Non-vanishing of Kolyvagin systems and Iwasawa theory
Ashay Burungale, Francesc Castella, Giada Grossi, Christopher Skinner
TL;DR
This paper proves Kolyvagin's conjecture on the non-vanishing of the p-adic Heegner point Kolyvagin system for primes p of good ordinary reduction that split in an imaginary quadratic field K, under mild hypotheses; it also establishes a refined conjecture expressing the divisibility index in terms of Tamagawa numbers and extends the analysis to Kato’s Beilinson–Kato Kolyvagin system. The authors leverage anticyclotomic Iwasawa theory, Λ-adic Kolyvagin systems, and recent Main Conjectures to relate non-vanishing of base classes to p-adic L-values, and to translate these into precise Selmer-group information. A cyclotomic analogue is developed via Kato’s Euler system, proving non-vanishing of Kato’s Kolyvagin system under cyclotomic Main Conjectures and connecting to the MSD p-adic L-function.

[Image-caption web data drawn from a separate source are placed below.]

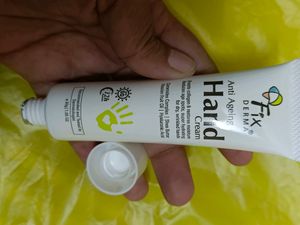 Fix derma Anti Aging Hand Cream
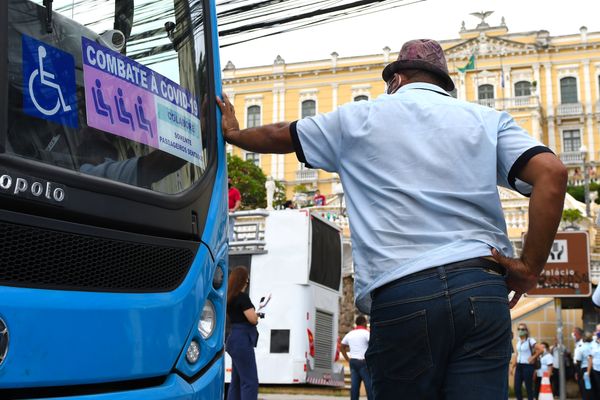 Protesto dos cobradores do Transcol, saindo da Praça de Jucutuquara e seguindo até o Palácio Anchieta, em Vitória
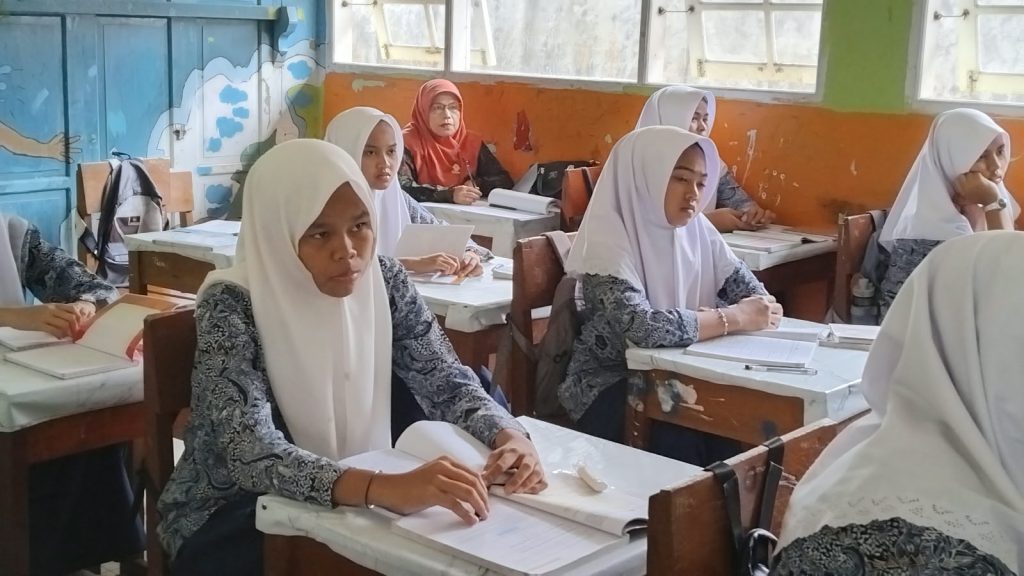 Dari Supervisi Menuju Refleksi: Upaya Bersama Meningkatkan Mutu Pembelajaran di MTsN 10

Overall, the work bridges Heegner-point and Kato-based Euler systems through a unified Iwasawa-theoretic framework, yielding concrete divisibility formulas and refined conjectures that illuminate the relationship between L-values, Tamagawa factors, and Selmer groups.
Abstract
Let $E/\mathbb{Q}$ be an elliptic curve and $p$ an odd prime. In 1991 Kolyvagin conjectured that the system of cohomology classes for torsion quotients of the $p$-adic Tate module of $E$ derived from Heegner points over ring class fields of a suitable imaginary quadratic field $K$ (i.e., the Heegner point Kolyvagin system of $E/K$) is non-trivial. In this paper we prove Kolyvagin's conjecture when $p$ is a prime of good ordinary reduction for $E$ that splits in $K$. In particular, our results cover many cases where $p$ is an Eisenstein prime for $E$, complementing Wei Zhang's earlier results on the conjecture by a different approach. Our methods also yield a proof of a refinement of Kolyvagin's conjecture expressing the divisibility index of the Heegner point Kolyvagin system in terms of the Tamagawa numbers of $E$, as conjectured by Wei Zhang in 2014, as well as proofs of analogous results for the Kolyvagin system obtained from Kato's Euler system.